README.md · fxmarty/distilbert-base-uncased-finetuned-sst-2-english-int8-static-dedicated-qdq-everywhere at 97d3676e30ca3a90f69c829a46f6857d424288e4

metadata

license: apache-2.0
datasets:
  - sst2
  - glue

This model is a fork of https://huggingface.co/distilbert-base-uncased-finetuned-sst-2-english , quantized using static Post-Training Quantization (PTQ) with ONNX Runtime and 🤗 Optimum library.

It achieves 0.896 accuracy on the validation set.

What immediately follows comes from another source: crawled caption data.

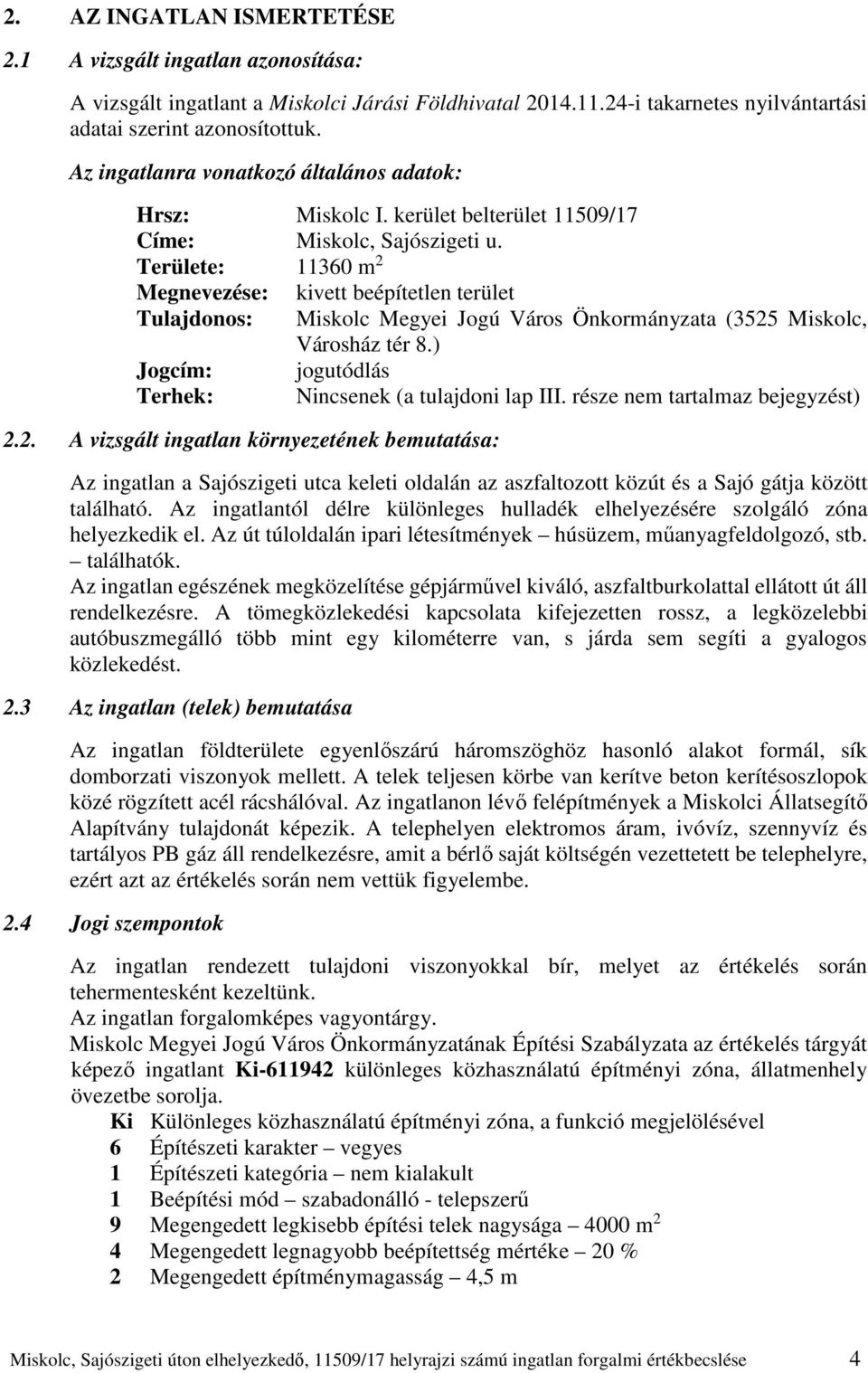 Területe: 11360 m 2 Megnevezése: kivett beépítetlen terület Tulajdonos: Miskolc Megyei Jogú Város Önkormányzata (3525 Miskolc, Városház tér 8.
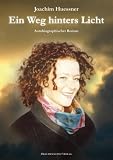 Ein Weg hinters Licht: Autobiographischer Roman - Joachim Huessner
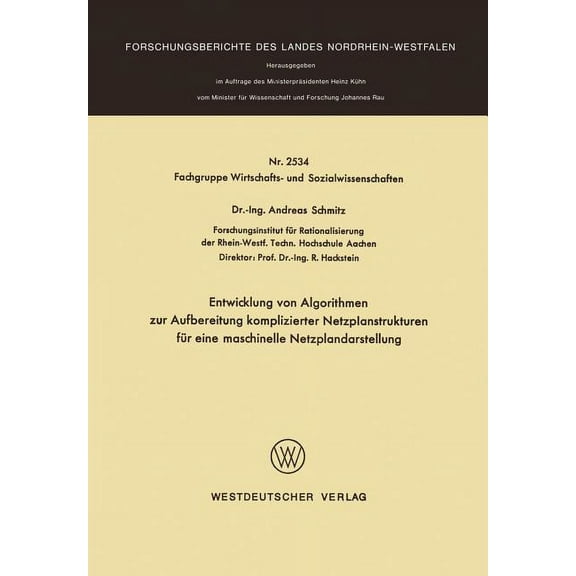 Entwicklung Von Algorithmen Zur Aufbereitung Komplizierter Netzplanstrukturen FÃ¼r Eine Maschinelle Netzplandarstellung, (Paperback)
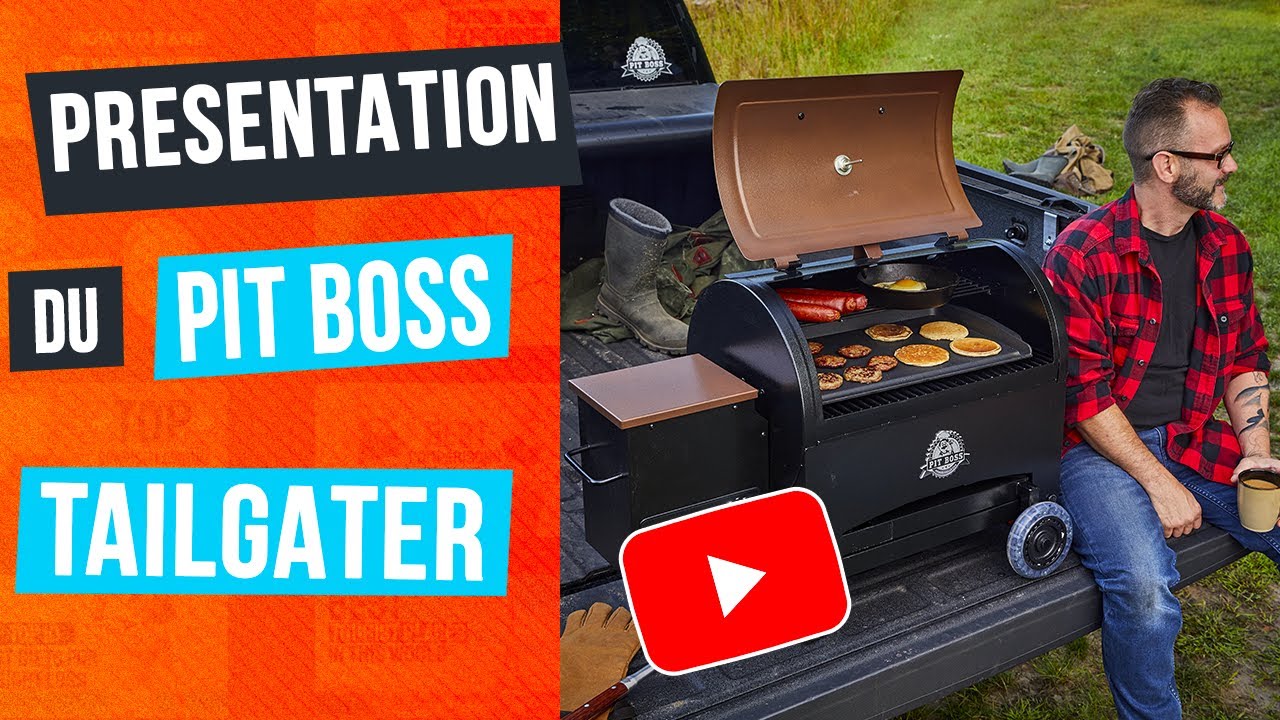 Démonstration du Pit Boss Tailgater + Recette + Nettoyage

This model uses the ONNX Runtime static quantization configurations qdq_add_pair_to_weight=True and qdq_dedicated_pair=True, so that weights are stored in fp32, and full Quantize + Dequantize nodes are inserted for the weights, compared to the default where weights are stored in int8 and only a Dequantize node is inserted for weights. Moreover, here QDQ pairs have a single output. For more reference, see the documentation: https://github.com/microsoft/onnxruntime/blob/ade0d291749144e1962884a9cfa736d4e1e80ff8/onnxruntime/python/tools/quantization/quantize.py#L432-L441

This is useful to later load a static quantized model in TensorRT.

To load this model:

from optimum.onnxruntime import ORTModelForSequenceClassification
model = ORTModelForSequenceClassification.from_pretrained("fxmarty/distilbert-base-uncased-finetuned-sst-2-english-int8-static")

Weights stored as int8, only DequantizeLinear nodes (model here: https://huggingface.co/fxmarty/distilbert-base-uncased-finetuned-sst-2-english-int8-static)

![DQ only](./no_qdq.png)

Weights stored as fp32, only QuantizeLinear + DequantizeLinear nodes (this model)

![QDQ](./qdq.png)